I want to comment on the highlights of a couple of walks I completed this past week. The first was a solo hike, and, at 16 miles, the longest of my entire life. The second logged in at 7 miles, a distance that might have seemed monumental many months ago, but which now seems more like a walk around the block with a bit extra thrown in for good measure. The second was a more social walk as it involved my Camino mate Barb and a restaurant stop mid-way. And sunshine rather than the snow flurries of the earlier outing.
What these two excursions had in common is that they took place within city limits, though neither involved running any errands or making any purchases (other than the lunch, and as it turned out, my lunch entree came complete with a few pieces of broken pottery which, fortunately, my teeth noticed before they–the shards–made it down the hatch. Result: my lunch was gratis.)
(I know what you are thinking: “elaboration” runs in my veins and there is no way I’m going to say anything of consequence before the timer rings and I need to post this. I’m going to try to prove you wrong.)
So what do I really want my readers–do I have any?–to know about the cityscapes through which I passed and my personal experiences while passing through them?
- Nature can still be found! At least in a town like Bloomington! Proof? I walked around a lake, crossed over a creek, saw cows in a field as semis whizzed by them, spotted a hawk high up in a tree, skirted a swampy area with abundant brush where sweet little birds flitted joyfully.
- Nature calls and woe to you if you don’t plan accordingly as there are precious few corn fields (especially in February…) and little privacy. On my 16-miler I found relief in one nursing home and one grocery store.
- We spend most of our time in our respective towns and cities rather than in the countryside, and we have a tendency to traverse the same tried-and-true routes. On both walks I/we shook things up a bit, adding spurs or linking neighborhoods in ways I/we hadn’t done before. Great way to keep boredom at bay and to challenge your sense of direction.
- For those who read my previous post on my struggles with silence and solitude, be it known: on my solo walk I didn’t make one phone call or listen to even one song. No electronics whatsoever. I conjured up all sorts of people–you may well have been among them–and smothered them with all manner of good wishes. When my mind strayed, I gently called it back.

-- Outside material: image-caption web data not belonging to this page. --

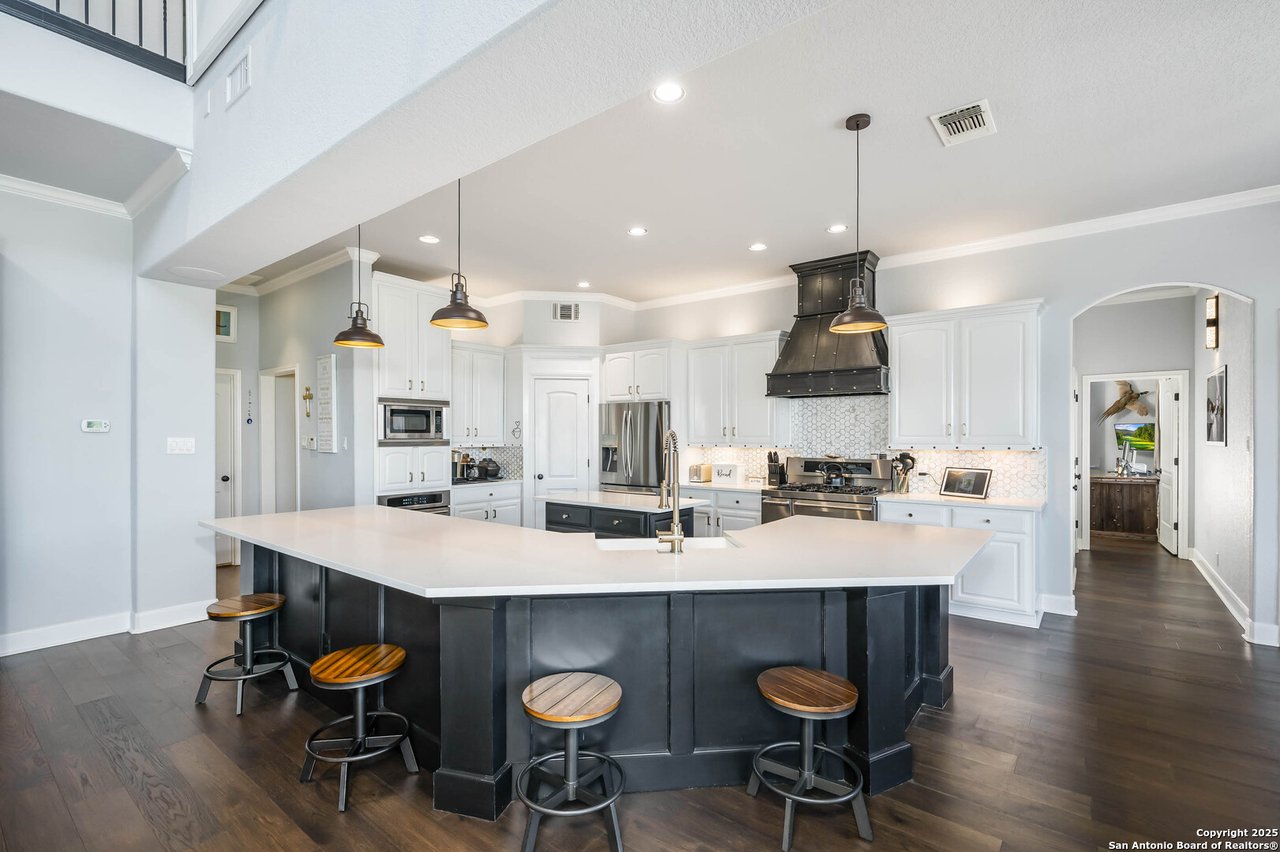 22734 Fossil Ridge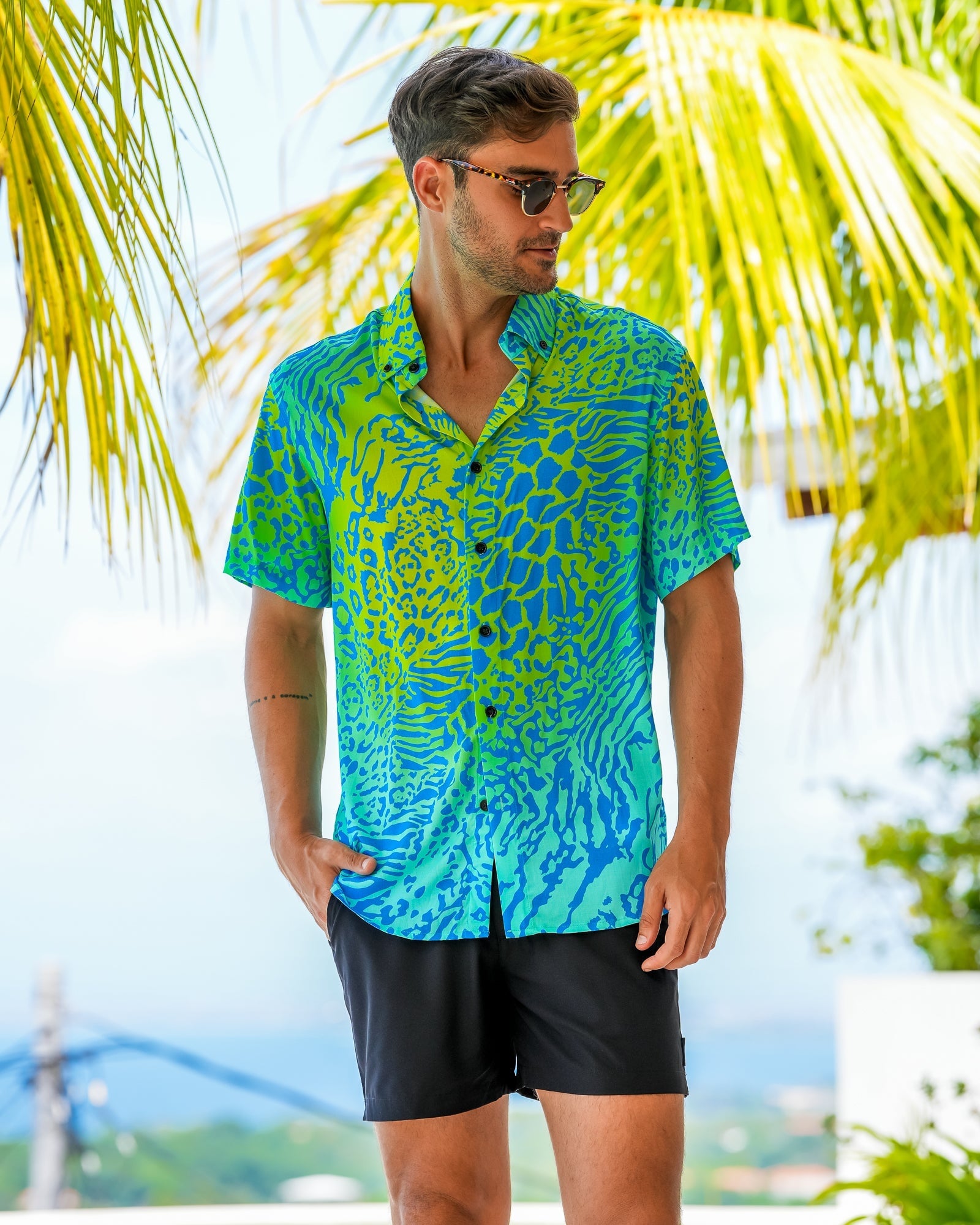 Vivid Jungle Shirt - Spark Tucann 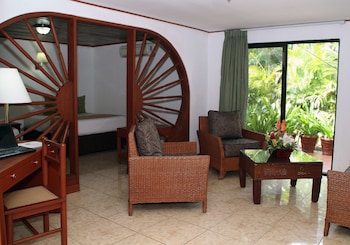 best western las mercedes airport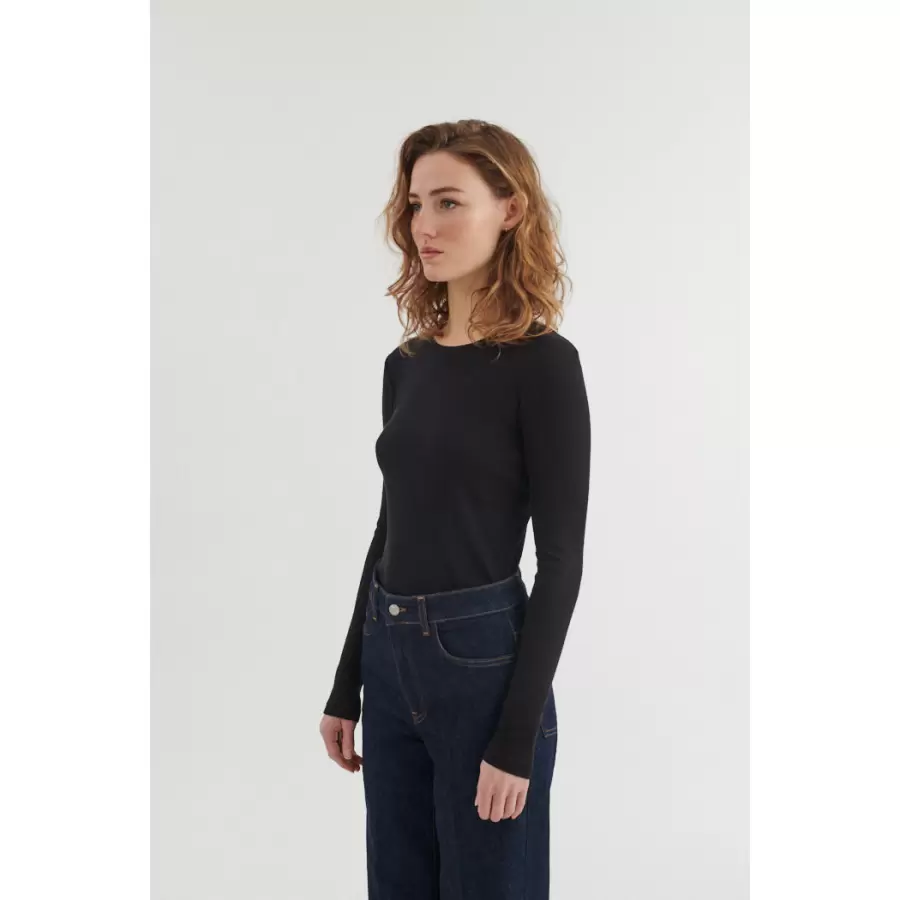 Basic Apparel - Ludmilla LS Tee, Sort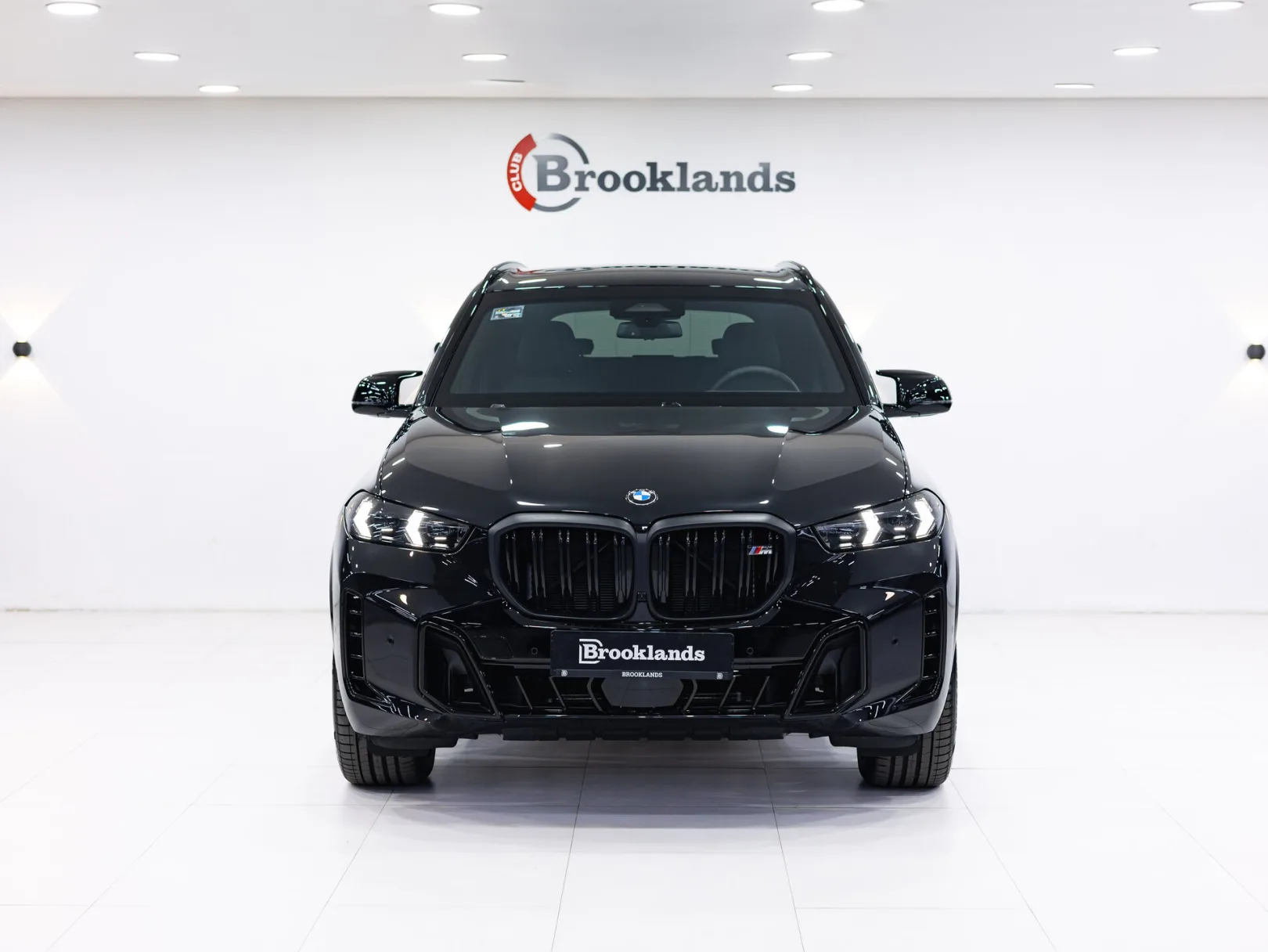 BMW X5 M60i IV (G05/G18) Рестайлинг, 2024 — экстерьер, фото 2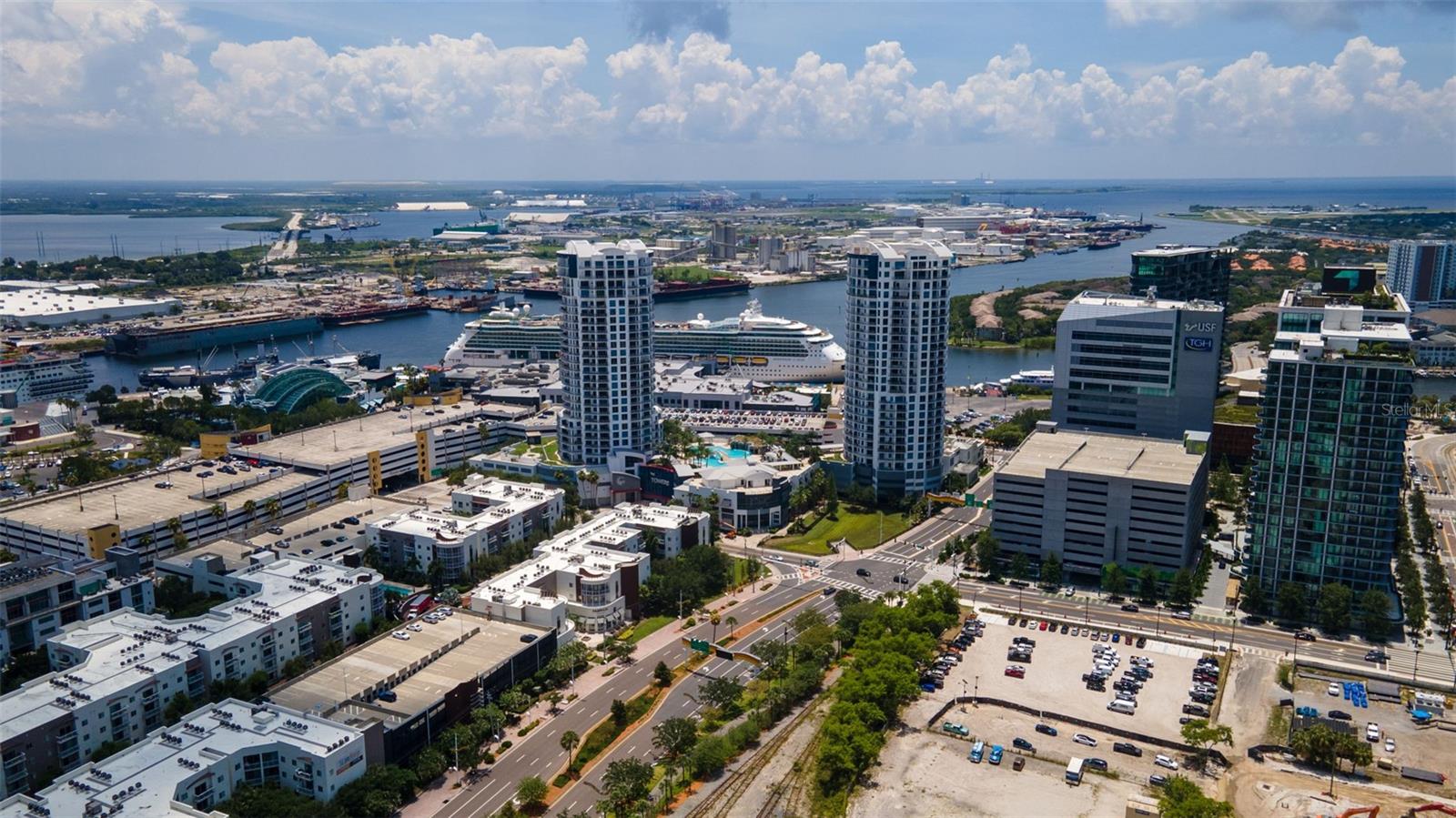 Listing photo id 95 for 449 12th Street 2801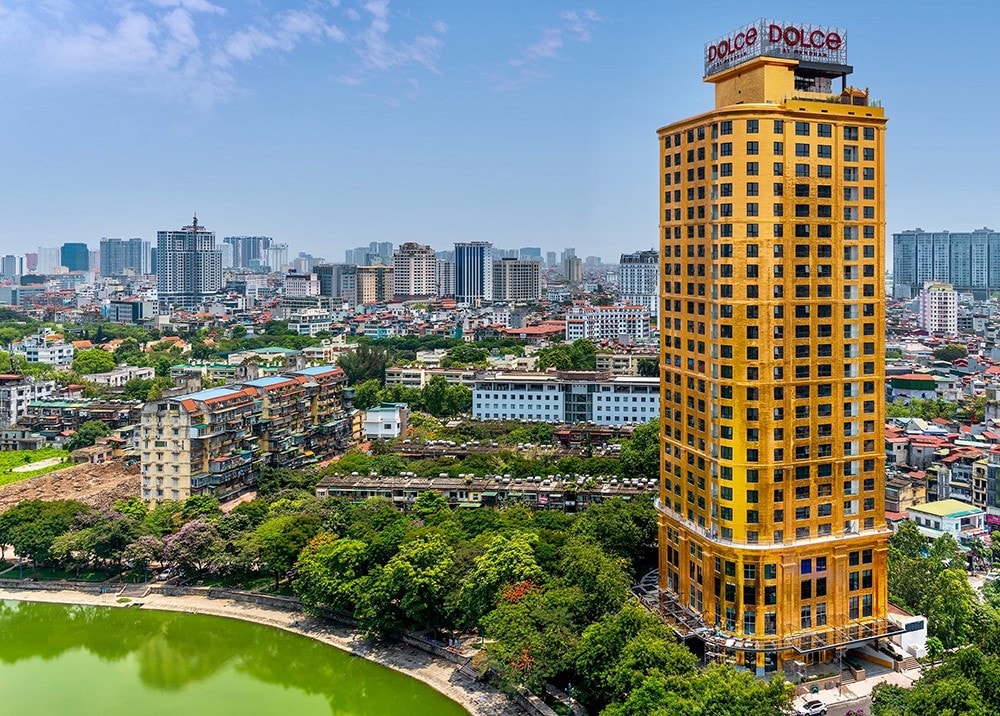 Khách sạn Dolce by Wyndham Hanoi - Golden Lake tọa lạc tại vị trí mà các nhà đầu tư đánh giá là vị trí sinh vàng, mảnh đất hiếm còn sót lại của vùng đất địa linh nhân kiệt Ba Đình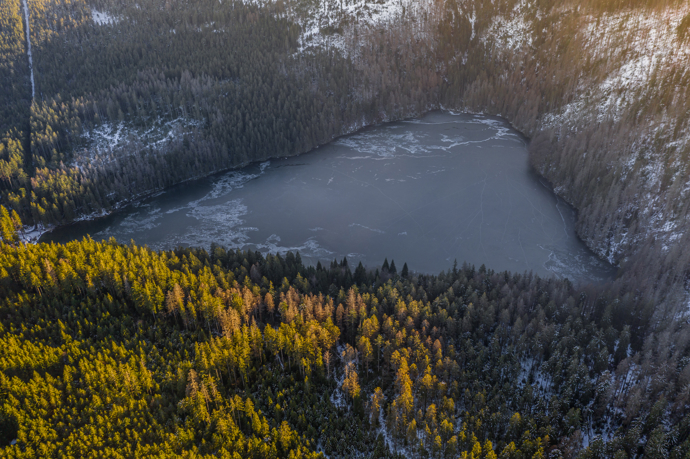 Černé jezero je největší ledovcové jezero na Šumavě 
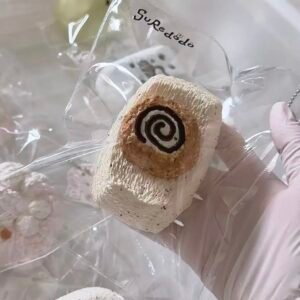 116010 Suredodo Crispy Swiss Roll Toast (Yogurt Clay Texture Series) / Suredodo苏惹多多 クリスピースイスロールトースト (ヨーグルトクレイ触感シリーズ)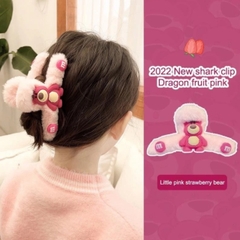 KẸP TÓC HÌNH GẤU DÂU ĐÁNG YÊU
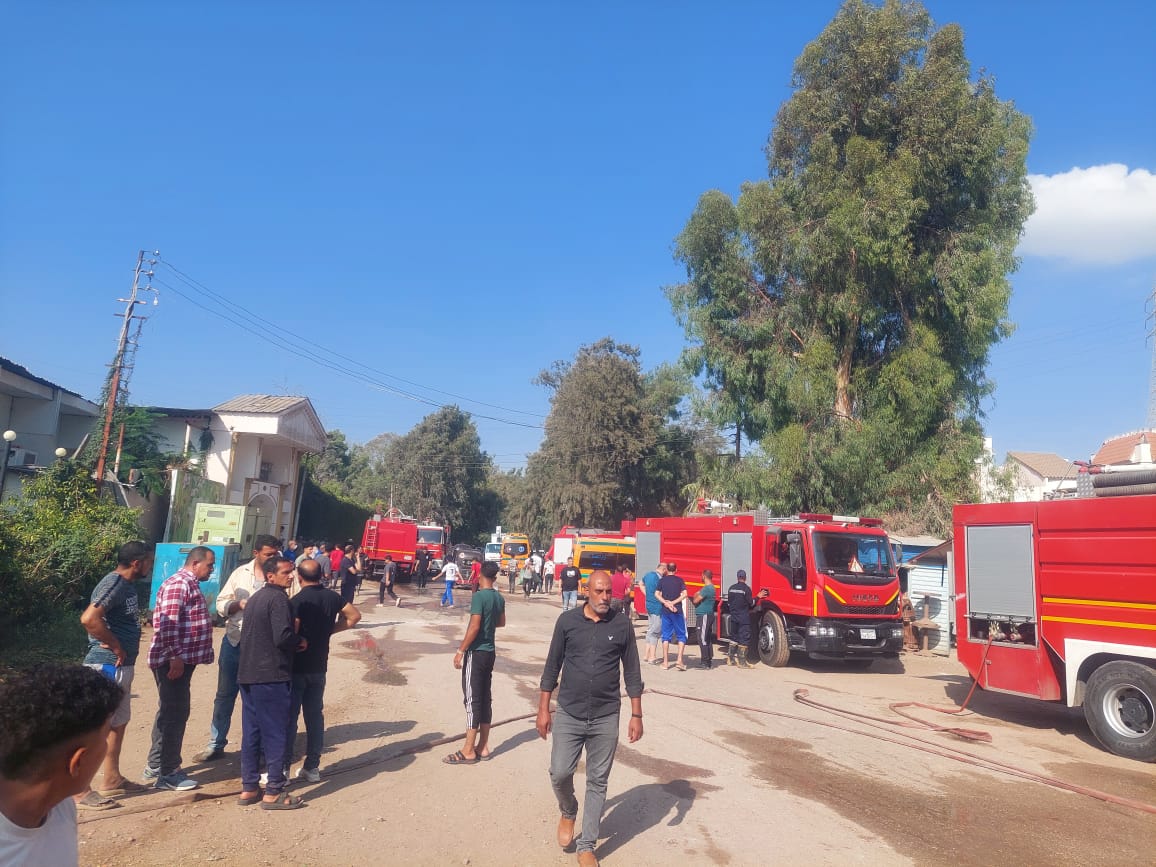 جانب من الحريق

- I was again reminded of the need to keep my eyes open. Sure, not to get run over. That goes without saying. But besides spotting three discarded syringes–they added such color to the drab sidewalk where they’d been dropped; such a nasty and dangerous temptation for kids who might happen by…–I spotted (and checked out) a new paved trail under construction, a wig stuck in a tree (there’s a story there, for sure!), and a sign outside a business which I just had to capture to share with you:
I mean, really, gives one a lot to think about, doesn’t it? And I wasn’t even at the half-way point of my 16-miler, so I had plenty of time to ponder the aphorism. (Conclusion: as I walked along calling to mind this person and that, each with his or her own set of problems and challenges, joys and heartaches, I suppose that I wasn’t minding my own “biscuits” at all. I think I’m more attuned to the philosophy that “No man is an island,” that we are all part of a greater community, a larger family, and that we can help each other tend our “biscuits” and perhaps, together, prevent them from burning. If that kind of “nosiness” keeps life from being “gravy,” maybe that gravy isn’t healthy in the first place…. That said, there’s more than one way to mind a biscuit, and some ways are definitely more acceptable than others.
Okay, so my timer just rang… and no posting because I have two more “sightings” to share with you, one from each of the two walks.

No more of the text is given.